= Enhanced Telephone =

The Enhanced Telephone is a telephone developed by Citibank's Enhanced Telephone Services subsidiary in the late 1980s for customers to do banking and other financial transactions from their home. The official launch date was February 26–27, 1990, for customers in New York only.

The first version of the Enhanced Telephone, the 99A model, was beige and featured a keyboard and monochrome miniature CRT screen. Because of its chunky appearance, several developers dubbed it the "sawed-off ski boot." The physical hardware was manufactured by Transaction Technologies Incorporated (TTI).

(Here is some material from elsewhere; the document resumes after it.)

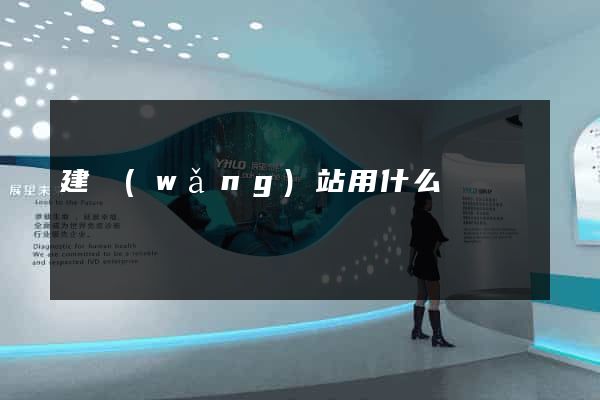 建網(wǎng)站用什么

The second version of the Enhanced Telephone, the P100 model, was manufactured by Philips Electronics based on experiences gained from manufacturing Minitel and featured a miniature keyboard, an LCD screen, and more sleek styling. The font was developed by Bitstream Inc.

Software for the Enhanced Telephone was written in a proprietary language called HAL (Home Application Language).

Citibank believed that it was considerably easier to manage financial transactions with the enhanced telephone than with a personal computer, but the product ultimately failed to become a viable product because by the time it was introduced, home banking via PCs was becoming more common and by the 1990s the Enhanced Telephone had been rendered obsolete by the growing popularity of the World Wide Web.

The Philips P100 phone lived on and to this day variations of it are used for other applications.